Mas há um detalhe importante, que mesmo hoje permanece oculto e pouco difundido. Medusa foi uma mulher. Uma mulher bela e vaidosa, que, no entanto, foi violentada: primeiro por uma figura masculina, depois por uma figura feminina. Até então sacerdotisa da deusa virgem, Atena, ela foi abusada sexualmente pelo deus dos mares, Poseidon. Furiosa com a profanação do seu templo, Atena culpou e puniu Medusa, transformando-a no monstro que até hoje povoa nosso imaginário.
A construção desse mito, entoada ao longo dos séculos por vozes masculinas, é nada mais do que algo que até hoje lamentavelmente testemunhamos: a demonização e culpabilização da mulher vítima de algum tipo de violência. Mas, felizmente, esse capítulo tem sido cada vez mais apropriado por vozes femininas e diversas, que buscam desconstruir e ressignificar essa figura mitológica.
Seguindo esse caminho a diretora Anita Rocha da Silveira faz a junção entre o mito grego e a realidade brasileira em seu novo longa-metragem, que leva o nome da górgona. O resultado é uma obra capaz de lançar um olhar aguçado sobre os vários papéis das mulheres num país tomado pelo fundamentalismo religioso.
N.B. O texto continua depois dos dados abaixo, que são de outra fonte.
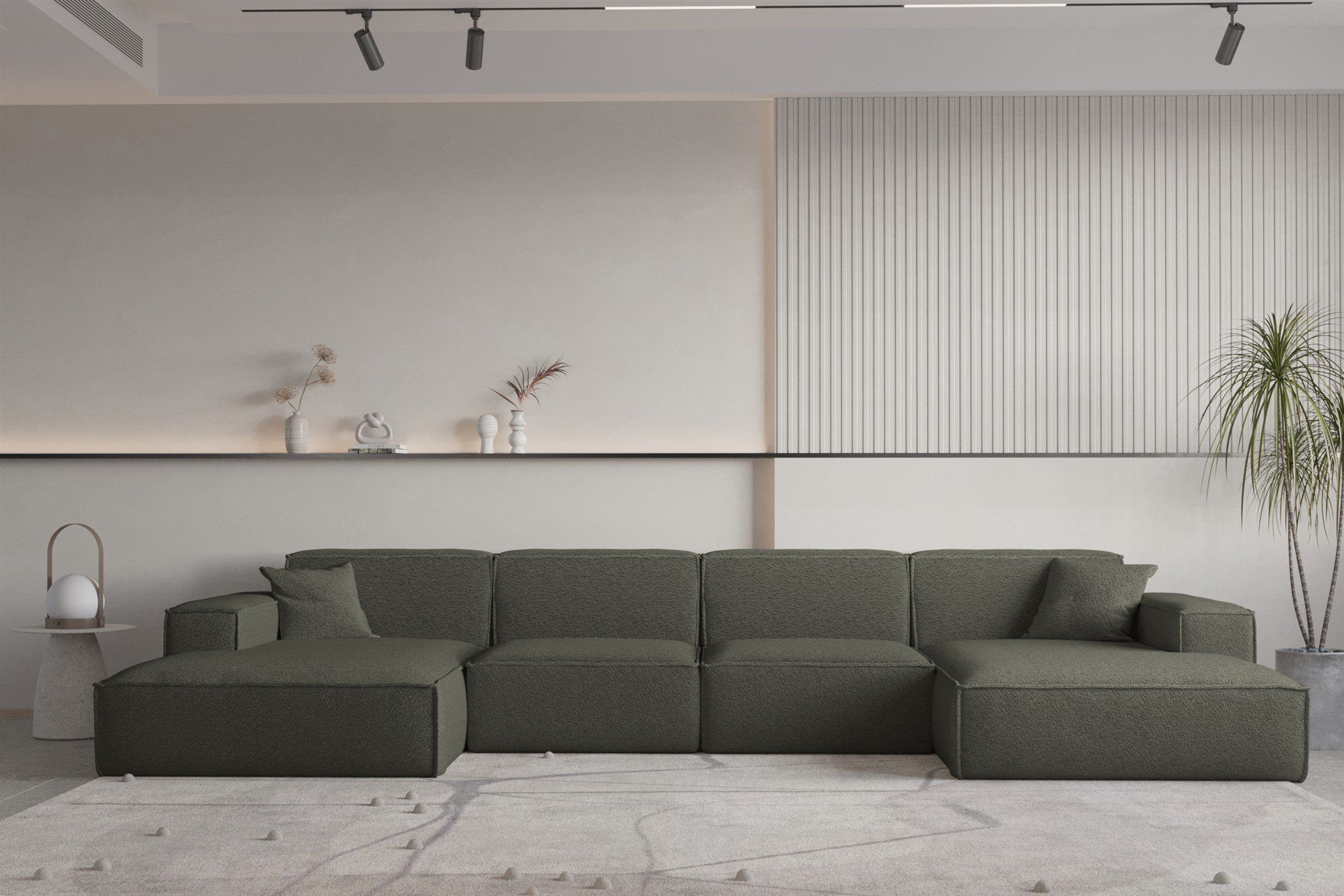 Fun Möbel Wohnlandschaft U-Form CELES PREMIUM, günstig online kaufen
Na trama, acompanhamos a protagonista Mariana, interpretada pela atriz Mari Oliveira, uma bela jovem que, ao lado de suas amigas, se esforça para permanecer fiel aos princípios da Igreja e manter a aparência do que considera um modelo de “mulher perfeita”. Além de vigiar e controlar suas próprias vidas e corpos, ela e suas colegas, chamadas de As Preciosas do Altar, costumam sair às noites, com seus rostos cobertos por máscaras, para caçar e punir mulheres que consideram promíscuas e pecaminosas.
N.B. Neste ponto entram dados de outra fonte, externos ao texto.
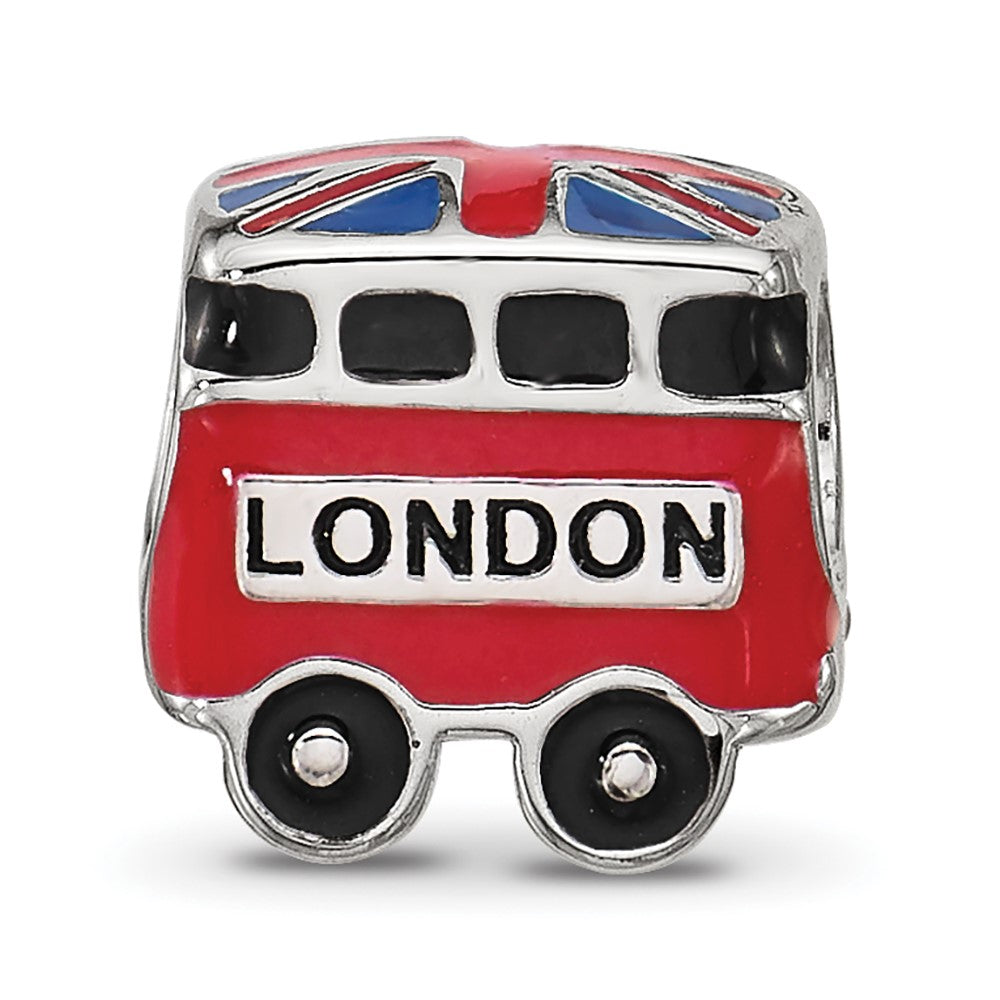Sterling Silver Reflections Enamel London Bus Bead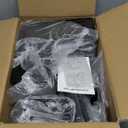 Orimade Rustproof 3 Tier Floor Standing Corner Shower Caddy Organizer with Toothbrush Holder, Large Spacing Floor Shower Shelf Rack Storage Stands with Hooks for Bathroom Kitchen, Black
A partir disso, a diretora e roteirista nos imerge em uma atmosfera de terror que nada tem de fantástico e de distante à nossa realidade. Pelo contrário, o horror brota do sentimento de familiaridade e proximidade. É a agonia sufocante por saber que o perigo faz parte das nossas vidas em um país sequestrado pelo reacionarismo.
O filme consegue, assim, produzir um retrato fiel da retórica fundamentalista capaz de criar uma verdade absoluta e demonizar todos aqueles que dela não fazem parte. Para as mulheres, o fardo que as acompanha é em dobro. É preciso sustentar o modelo irreal de mulher “bela, recatada e do lar” a todo custo, ainda que isso implique em camuflar sentimentos e marcas de violência. E é por isso que a necessidade de gritar se torna cada vez mais urgente.
Ainda que a narrativa se torne um tanto difusa, Medusa também fascina pela experiência visual e sensorial que proporciona. E convenhamos, depois dos quatro anos que vivemos, assistir na tela mulheres punindo e controlando corpos e comportamentos alheios nos desperta para o fato de que a distopia é o aqui e o agora.